Hmm. What shall I say, I already love it! Its really something different, apparently for races with non-magnet racers, or just for cruising around a bit....

Since this layout in the large scale is named "Engleman", I named mine "HOngleman". Now I wish I had the talent and the time to built it, I would surely start right away......

Michael

Edit: Forgot to mention: Table is 4' x 8', track is about 8" wide, makes a nice 4 lane layout!


----------



## noddaz (Aug 6, 1999)

Interesting....


----------



## Shadowracer (Sep 11, 2004)

Nothing crazy about that! That will be neat. Did you give up on the other layout you posted? (because that was nice too)

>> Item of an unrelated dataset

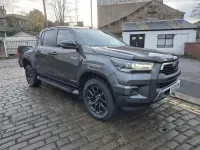 Usado Toyota HiLux 204 HP (150 kW) 2021 Cinzento Pickup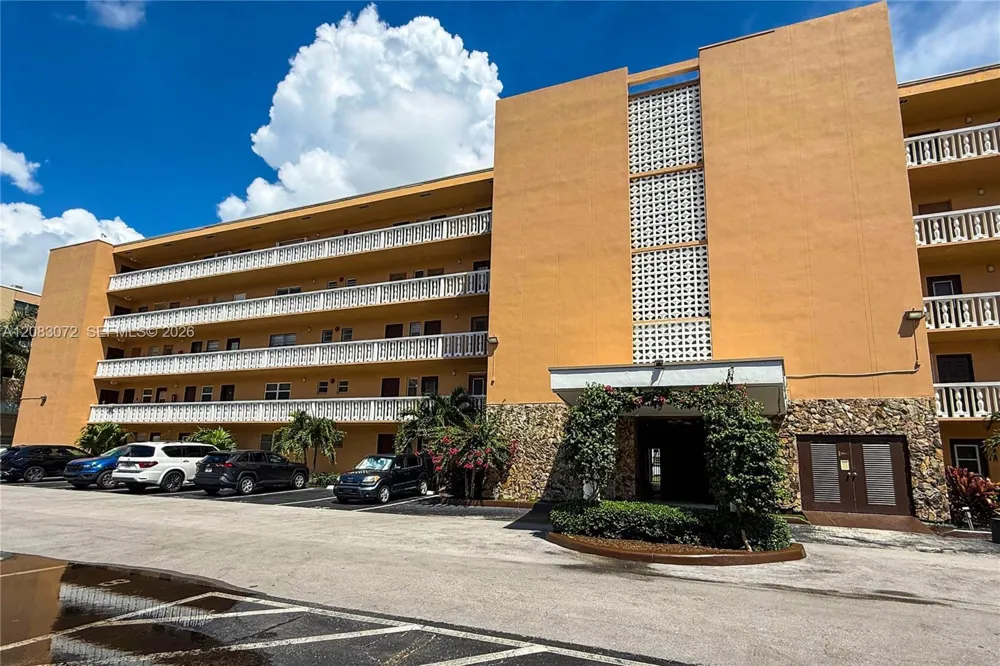 301 NE 14th Ave #504 Hallandale Beach, FL 33009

Its a nifty outfit. I saw one time someone had made an HO scale Blue King out of plastic track, which was cool. Your layout reminds me of that. Are you still going to rout your own out of wood?

Trev


----------



## slotmichl (Sep 20, 2004)

Trev,
I still intend to make my "flat" layout first. Simply because I have the imagination how to do all the details needed.
The "HOngleman" was just an idea, after I was looking at some pictures of a King track. This could be a project for the future. I guess its so amazing to me, that I will realize it one day, but surely not too soon. I just thought this second layout would be great to race for non magnet cars, like all the Riggens, Cobramites or brass clad AFX's.
I surely would never have the talent to hand route such a layout, nor the time. So as soon as I will find a way in the CAD to "flatten" all the banked turns, so that a CNC router could do all the work, I will be into that second one also;-))

Michael


----------



## boss9 (Apr 19, 2002)

Hey Michael,

As Shadow said, I don't think it's crazy either. In fact I think it's quite good!:thumbsup: 
It sounds as though you have a few projects in the works. Be sure to keep us all informed of your progress. 

Ps- Thanks for the Email. I will reply to you this eve. 

Cheers!


----------



## roadrner (Jul 21, 1999)

Looks like a fun layout. especially with banks!  rr


----------